While demand-side management principles that the IMF advocates for cash-strapped economies suggest expenditure control measures, a closer look at Pakistan’s federal budget shows that since gross revenues seem to cover a large part of the budget, the policy to control expenditures to balance the budget or stem growth in the fiscal deficit inevitably leads to retardation of growth. Controlling expenditure here implies curtailing that part of the expenditure that is either discretionary or that which the government can curtail through the operations of its policy and planning instruments. Expenditures that are non-discretionary and beyond the policy access of the government are expenditures that, while seemingly uncontrollable, need to be lowered through sustainable and broad-based reforms that successive governments have failed to design and implement.
What is included in the non-discretionary part of the budget and the fixed categories that the government is unable to change which limit its overall ability to redistribute, reallocate and make major readjustments to the composition of the overall expenditure?

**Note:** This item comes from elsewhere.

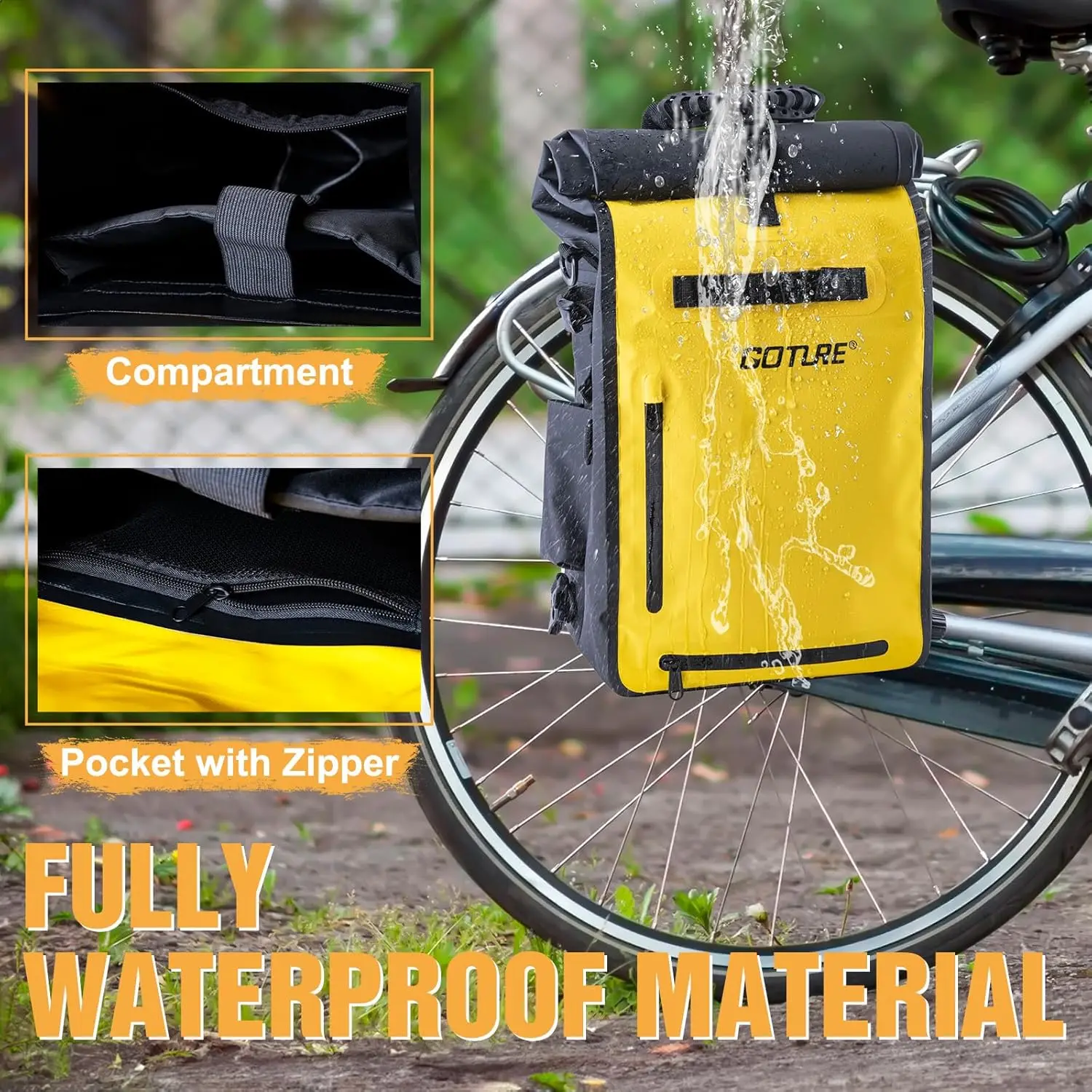 Goture-mochila para bicicleta, 25L, 500D, PVC, bolsa para aparejos de pesca con válvula de escape, impermeable, para bicicleta, pesca, canotaje, 3 colores - imagen 4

The first non-discretionary expenditure head is pensions. The Pay and Pension Commission is mandated to propose certain amendments to government pension rules to make pensions more sustainable. However, until broad-based pension reforms are implemented, there is little that the government can do in limiting this head of the expenditure. What it can limit is the growth in pensions, which is also a difficult and unpopular decision to make given that the political costs associated with such a policy would almost always be considered to exceed the financial savings it will offer. The political economy effects of reforms are large especially if the incumbent government runs the risk of becoming unpopular with retired government servants and their families that make a large and in some ways powerful segment of the society. There is also little support for such thinking within the senior bureaucrats – many of whom are serving pensionable positions and nearing retirement! Civil and military pensions together account for 6.3% of the current expenditure and 5.6% of the total budgeted expenditure.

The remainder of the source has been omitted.